This is a more recent (Dec 2020) paper by one of the authors on combining empowerment and extrinsic goals: https://ieeexplore.ieee.org/abstract/document/9284556
I recall seeing a study (although not where) suggesting novelty seeking was a key hallmark of intelligence. Maybe this means the entropy-utility calibration drives their intelligence? (Alongside their actual material circumstances)
But also in loops, because we have to unlearn time to time, and break the ice, ok now I'm lost in my own metaphor :D
As far as I can tell, here it seems humans value choices over expected value. In other words, humans pay for the perception of freedom.
I.e. it's not that humans value choices over expected value, since valuing choices actually is the correct way to get larger expected value (with caveats such as how explore vs exploit tradeoff needs to be changed over time) - the message isn't that humans "pay for the perception of freedom" but that human evolved values, even seemingly irrational such as "need for perception of freedom" are actually close to mathematically optimal behavior.
An evidence implies an observable phenomenon (whose description is a statement of fact). Merely a chain of reasoning is never an evidence, because it usually based on flawed premises or domain-specific logic.
Now pay me.
In AI lens:
In a way, you can compare this to novelty seeking and intelligent exploration which is quite an active field in Artificial Life and game AI[1]. If you find this interesting: Jeff Clune, Kenneth Stanley and Joel Lehman conducted interesting related research.
Also, isn't this somehow related to the Free Energy principle by Karl Friston? If you look at entropy maximization as a way to minimize surprises.

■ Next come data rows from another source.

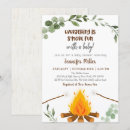 Recherche de bonfire invitations Feu de camp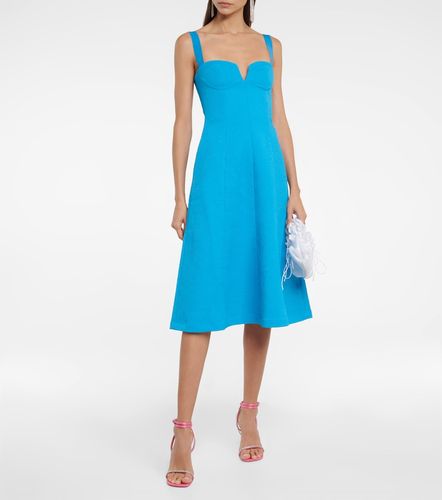 Rebecca Vallance Robe midi Hermosa - Rebecca Vallance - Modalova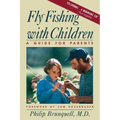 Fly-Fishing with Children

Human behavior appears to point towards the maximization of current order as an investment in power/potential to drive future entropy, as opposed to simply maximizing entropy. This is the difference between building a nuclear bomb and keeping it, as opposed to building the bomb to use it. When one was used, it was meant to end a war, not start one. And success in life may as well be defined by hoarding order, be it technologically, financially, socially, or just objects. The pyramids were a feat in lowering entropy, not increasing it. And we love our diamonds.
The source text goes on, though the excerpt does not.